To: IQBAL LATIF who wrote (44626)9/18/2003 3:54:53 AM
From: IQBAL LATIF  Respond to of 50167
 
The Erosion of Okun's Law-Posted by DeLong
We used to have considerable confidence in Okun's law: that an extra one percentage point rise (or fall) in the unemployment rate over a year would reduce (or boost) that real GDP growth by an extra 2.5 percent over that year because a rising (or falling) unemployment rate would also be accompanied by a falling (rising) share of the population in the labor force and by falling (rapidly rising) productivity. Productivity would fall when the unemployment rate rose for two reasons: first, even when factories are not running at full capacity they still incur substantial setup and maintenance costs; second, even when there isn't enough work for them to do firms would rather hold onto skilled workers than watch them drift away and have to pay to train their replacements the next time the wheel of the business cycle turns.



Things have been different, however, in this recession (and to a lesser extent in the preceding early-1990s recession. The standard relationship between output growth and hours worked has gone substantially awry. See that branch poking out of the scatter diagram on the left side? That's the most recent data. (The smaller twig pointing out below and to the left of the branch is from the early-1990s recession and recovery.)



The fact that falling hours have been accompanied by rapidly-rising productivity is what has given us not a jobless recovery but a massive job-loss recovery. The normal pattern we would expect from the past two years' output growth would be that employment and hours would have been nearly flat. Why the different pattern this time? We think that it is because firms are no longer "hoarding labor" when times are slack because the industries losing jobs no longer expect employment to bounce back.

This means that we no longer have any confidence that we understand the cyclical pattern of productivity growth--which means that we have little ability to translate the (high) productivity growth numbers we see into information about what the underlying long-run trend growth rate of the economy is.

Why is this? Why have firms changed their behavior? Let me turn the mike over to Erica Groshen and Simon Potter of the New York Federal Reserve Bank:

Erica Groshen and Simon Potter (2003), "Has Structural Change Contributed to a Jobless Recovery?" (New York: Federal Reserve Bank of New York):

The sluggishness of payroll growth during the 1991-92 and current recoveries stands in sharp contrast to the vigorous rebound in employment during earlier recoveries (Chart 1). To be sure, these earlier recoveries had rocky moments, with occasional jobless intervals. At the start of any recovery, many employers will delay hires or recalls for a time to be certain that the increase in demand will continue. Nevertheless, although the job market resurgence in the past may often have lagged the output recovery by one quarter, only during the two most recent recoveries has the divergence between job and output growth persisted for a longer period.

The divergent paths of output and employment in 1991-92 and 2002-03 suggest the emergence of a new kind of recovery, one driven mostly by productivity increases rather than payroll gains. The fact that no influx of new workers occurred in the two most recent recoveries means that output grew because workers were producing more. Although one might speculate that output increased because workers were putting in longer days, average hours worked by employees actually changed little during this and the previous jobless recovery.

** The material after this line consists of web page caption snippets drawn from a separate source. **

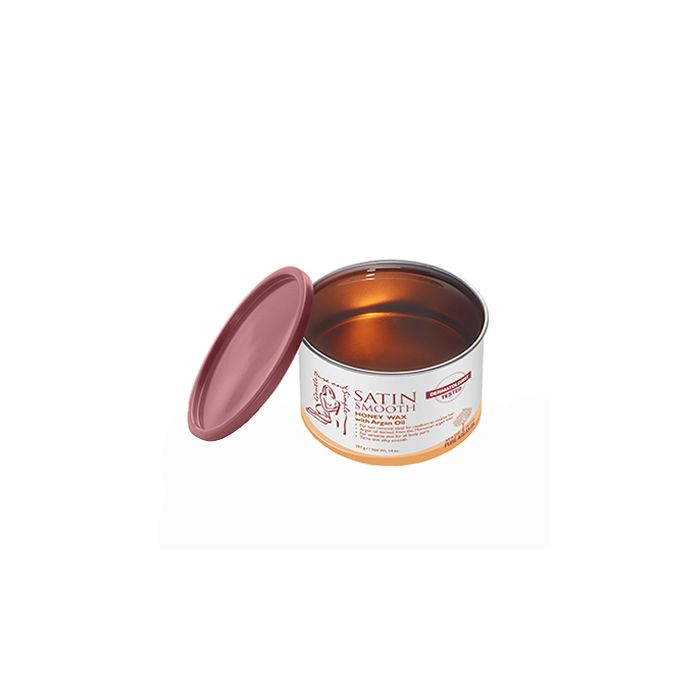 An open container of golden honey with a clipping path
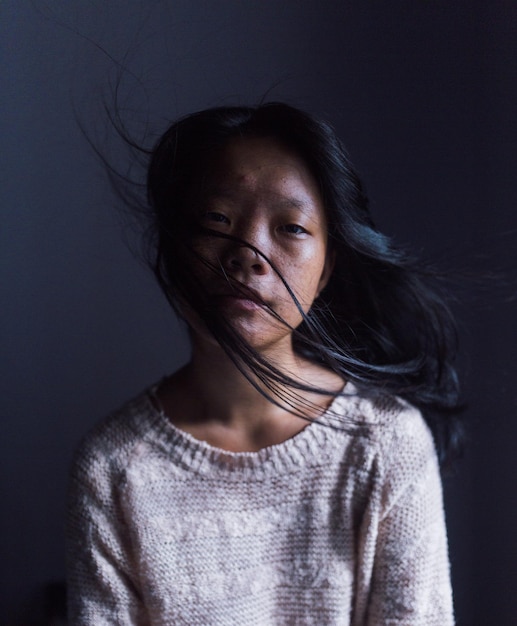 Retrato de uma mulher sentada junto à parede em casa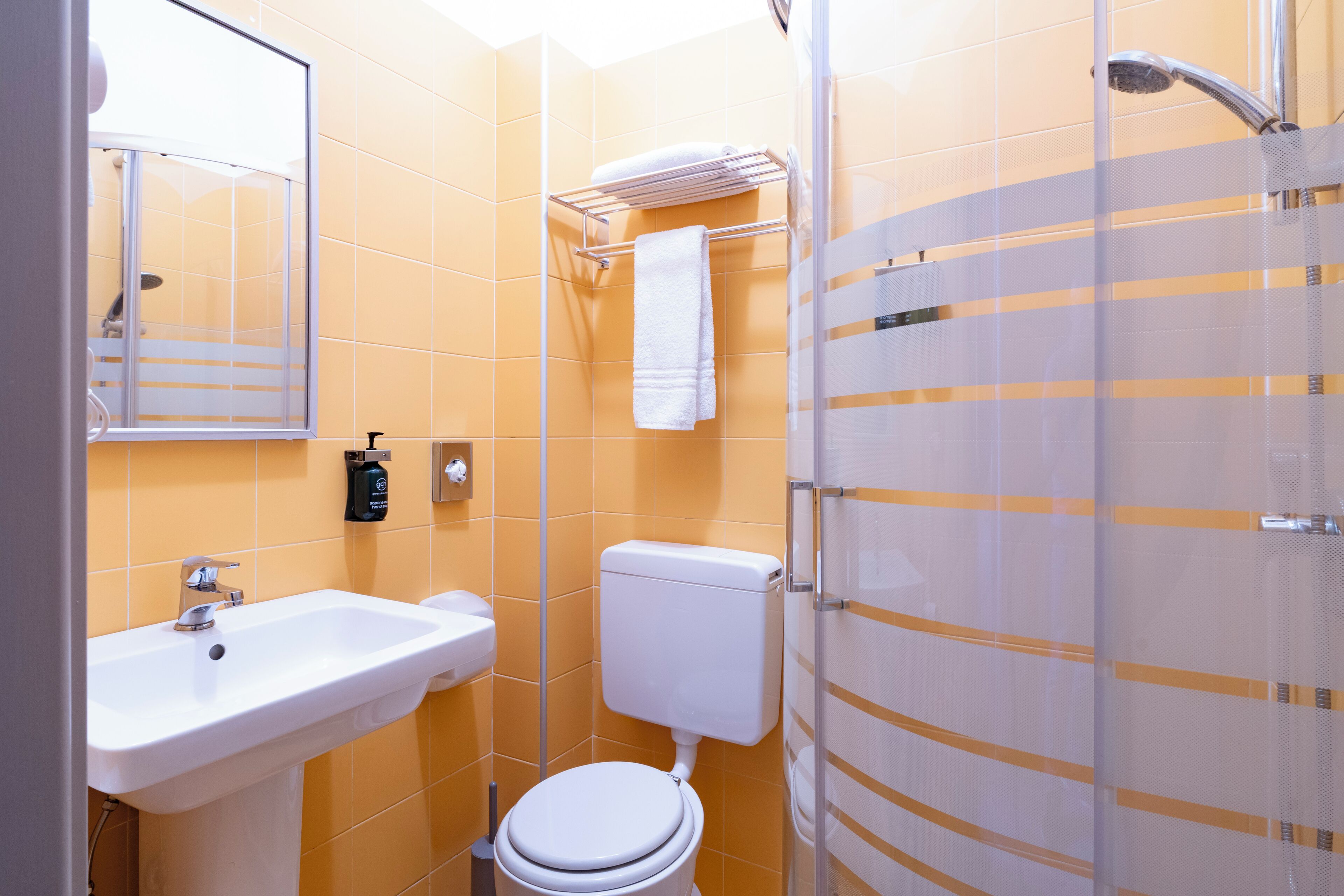 A bathroom with a white sink, toilet, and shower.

The parallels between the two most recent recoveries raise hopes that the current recovery will ultimately follow the same course as its predecessor. After about eighteen months, the 1991-92 recovery ushered in very strong employment growth and the longest economic expansion of the postwar period. But while we cannot know when--or how vigorously--job growth will revive during this recovery, we can explore why the recovery is jobless now....

Recessions mix cyclical and structural adjustments. Cyclical adjustments are reversible responses to lulls in demand, while structural adjustments transform a firm or industry by relocating workers and capital. The job losses associated with cyclical shocks are temporary: at the end of the recession, industries rebound and laid-off workers are recalled to their old firms or readily find comparable employment with another firm. Job losses that stem from structural changes, however, are permanent: as industries decline, jobs are eliminated, compelling workers to switch industries, sectors, locations, or skills in order to find a new job.

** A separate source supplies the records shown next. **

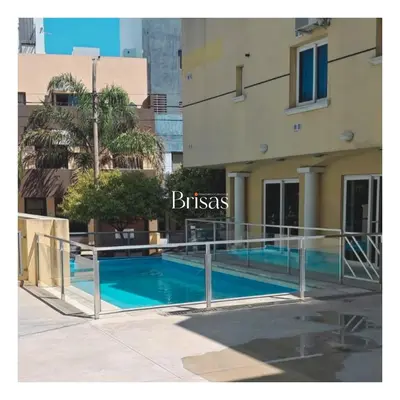 a swimming pool in front of a building at Brisas Departamento Boutique in Villa Carlos Paz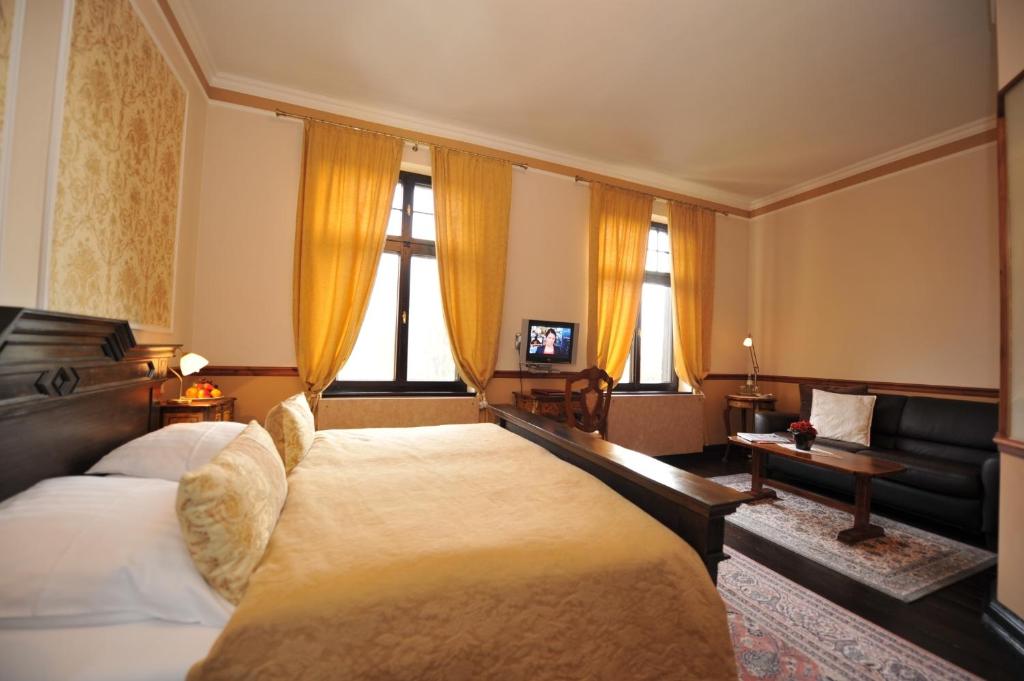 ein Hotelzimmer mit einem Bett und einem Sofa in der Unterkunft Gutshaus Kubbelkow in Bergen auf Rügen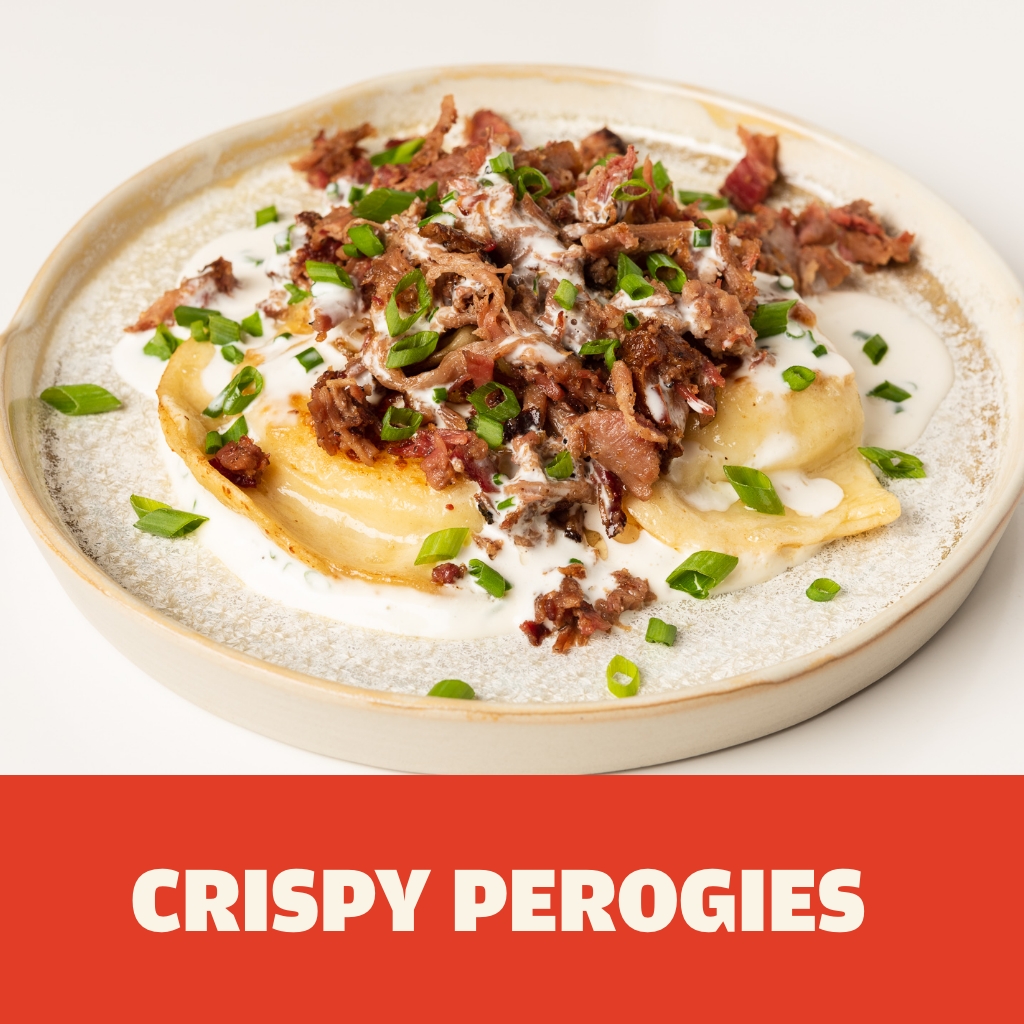 Austin Blues Chopped Brisket nicely piled on top of three buttery perogies with white sauce and green onions plated on a rustic, round ceramic appetizer plate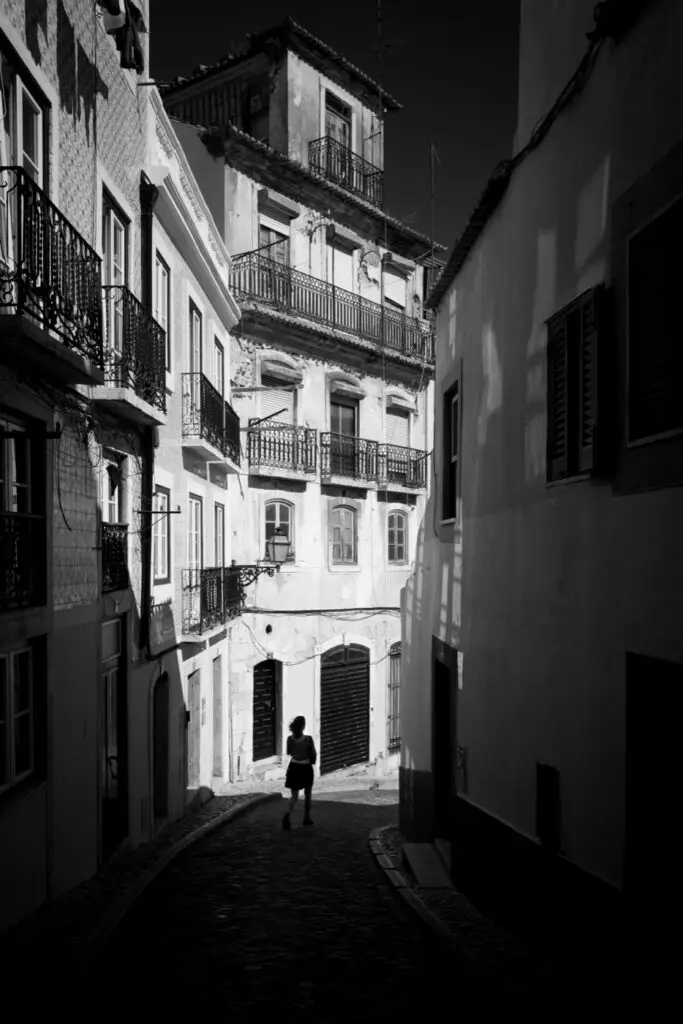 A narrow street, one figure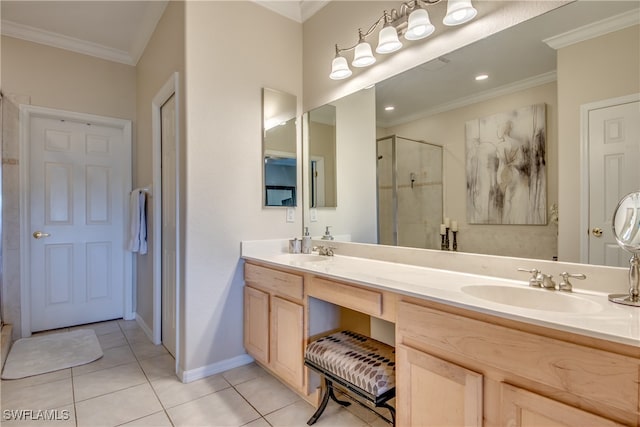 bathroom with vanity, a shower with shower door, tile patterned floors, and crown molding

A preponderance of structural--as opposed to cyclical--adjustments during the most recent recession would help to explain why employment has languished during the re-covery. If job growth now depends on the creation of new positions in different firms and industries, then we would expect a long lag before employment rebounded. Employers incur risks in creating new jobs, and require additional time to establish and fill positions....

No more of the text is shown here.